17 Colorado Environmental Projects Are in Limbo after Trump Halts Spending from Biden-era Law, by Shannon Mullane, The Colorado Sun. “The proposed projects focus on improving habitats, ecological stability and resilience against drought in the Colorado River Basin, where prolonged drought and overuse have cast uncertainty over the future water supply for 40 million people. The bureau also awarded $100 million for Colorado River environmental projects in Arizona, California and Nevada.” By the way, the Sun has a special section on its homepage titled “Trump & Colorado.”

The New Administration Acts and the Heritage Foundation Smiles, by Alan Gueberg, Cherokee Chronicle Times, which is affiliated with the Storm Lake Times Pilot of Iowa: “Project 2025 is the cornerstone of President Trump’s governing plans. Moreover, many of his most controversial cabinet and other federal appointees come with Heritage Foundation’s stickers on their considerable baggage. Those plans and that assembled team — including policy-heavy, farming-lite secretary of agriculture nominee Brooke Rollins — will have a deep impact on farmers, ranchers, and rural America if used as guidelines to write the 2025 Farm Bill.”

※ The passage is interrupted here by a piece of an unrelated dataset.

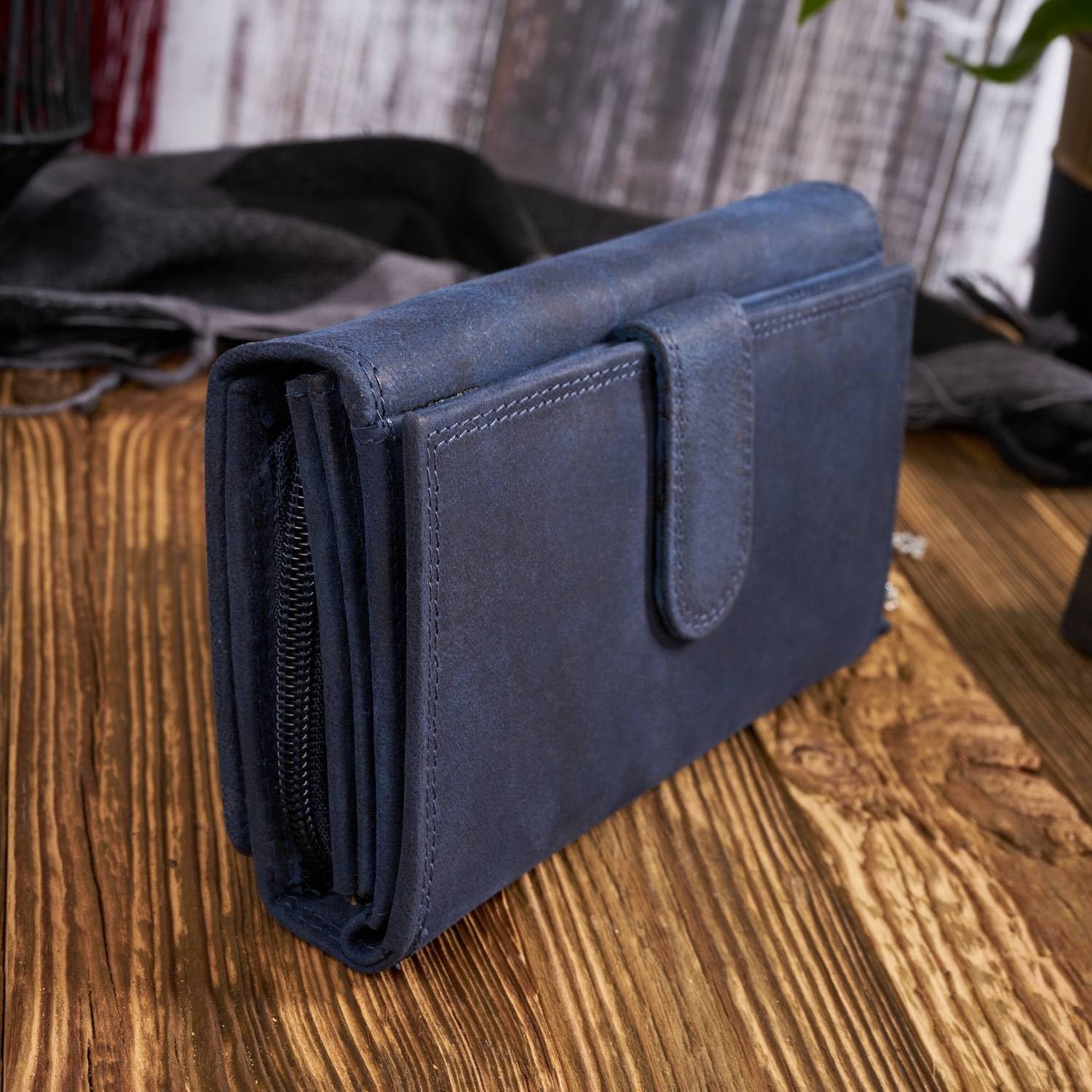 Damen Leder Geldbörse T-05-DB und Schlüsselanhänger T-85-HDB, Marineblau GESCHENKSET Paolo Peruzzi ZUP-97-DB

Trump Administration Freezes Billions for Electric Vehicle Chargers, by Michael Sol Warren, NJ Spotlight News. “The National Electric Vehicle Infrastructure Formula Program, NEVI, was created as part of the Bipartisan Infrastructure Law signed by former President Joe Biden in 2021 with the goal of building out America’s network of fast chargers for electric vehicles. Of the $5 billion allocated for the program, $104 million is dedicated to New Jersey. The Garden State is supposed to get that money over a five-year period, according to the state Department of Transportation.”

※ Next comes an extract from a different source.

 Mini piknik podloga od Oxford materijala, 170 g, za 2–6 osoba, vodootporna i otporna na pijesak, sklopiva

Slew of Minnesota Companies beyond Target Go Mute on DEI, by Brooks Johnson, Patrick Kennedy and Carson Hartzog, Sahan Journal, Minneapolis, Minnesota. “Target has been considered for years a national corporate leader in diversity, equity and inclusion (DEI) practices — a position bolstered after its support of Black-owned businesses following the 2020 police murder of George Floyd. So when the Minneapolis-based retailer announced last month it is pulling back on its diversity goals, Target was accused of political expediency, losing the trust of some Black activists who said the betrayal hurt more than other DEI pullbacks from companies such as Amazon, Google, Deere and McDonald’s.”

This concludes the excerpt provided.